Freitag, 18. November 2011

Geheimnisvoller Umschlag.

Dienstag, 1. November 2011.
Der Verleger. Tagebucheintrag. (11)


Also, gestern habe ich das erste Mal in meinem Leben an eine Erscheinung geglaubt! Ich kam, wie meistens, recht spät von der Arbeit nach Hause, und kaum hatte ich die Schuhe ausgezogen, klingelte es. Draußen stand meine liebe Nachbarin, Frau Friedemüller, und ich überlegte, was ich wieder Missliches angestellt haben könnte, um ihr Erscheinen zu provozieren. Na ja, der Briefkasten konnte es nicht sein – seit Ad sich um die vermaledeiten braunen Umschläge kümmert, ist das tägliche Postaufkommen wieder aufs Normalmaß geschrumpft. Und Eier oder Mehl wollte sich die Gute sicher nicht bei mir borgen … Dann geschah das Unfassbare: Sie zog einen braunen Umschlag aus ihrer Tasche!

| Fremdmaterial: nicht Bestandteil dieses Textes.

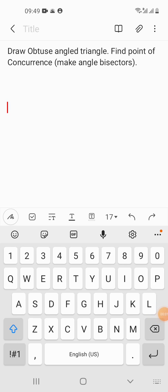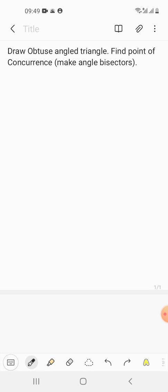Hi friends, today we'll be solving one problem of maths for standard 7th. We need to draw an obtuse-angled triangle and then find the point of concurrence. What we need to do is make angle bisectors so that we can find the point of concurrence. So let us start.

„Oh. Entschuldigen Sie bitte“, sagte ich bemüht zerknirscht, und Zorn auf den offenbar unfähigen Briefträger wallte in mir auf. Ich erwartete eine mittellange Predigt und mindestens einen Sack voll bitterböser Blicke. Weit gefehlt! Sie sah tatsächlich verlegen aus, fast sogar ein bisschen schuldbewusst! Tja, und dann sagte sie: „Ich muss mich wohl bei Ihnen entschuldigen. Ich wusste ja nicht, dass Sie Ihre knappe Freizeit so selbstlos für andere opfern. Wissen Sie, ich habe schon als Kind damit angefangen, und vielleicht …“

Noch während ich mir vorzustellen versuchte, dass diese Frau jemals ein Kind gewesen sein könnte, hielt sie mir den Umschlag hin. „Wenn Sie das wohl bitte an Ihr Lektorat weiterleiten könnten?“
Ich fühlte mich wie ein Torwart, der gerade ohne Vorwarnung den Ball mitten in die Visage gekriegt hat. „Äh, ja … Ich glaube … nicht … Woher wissen Sie, dass …?“ Ich hatte nicht den geringsten Plan, wie ich diese Stammelei zu Ende formulieren sollte, weil ich ja nicht wusste, was sie wusste und nichts Falsches sagen wollte, aber sie half mir dann aus der Bredouille, indem sie etwas tat, was sie noch niemals getan hatte, seit sie meine Nachbarin ist, zumindest nicht, wenn ich die Chance gehabt hätte, es irgendwie mitzukriegen: Sie lächelte!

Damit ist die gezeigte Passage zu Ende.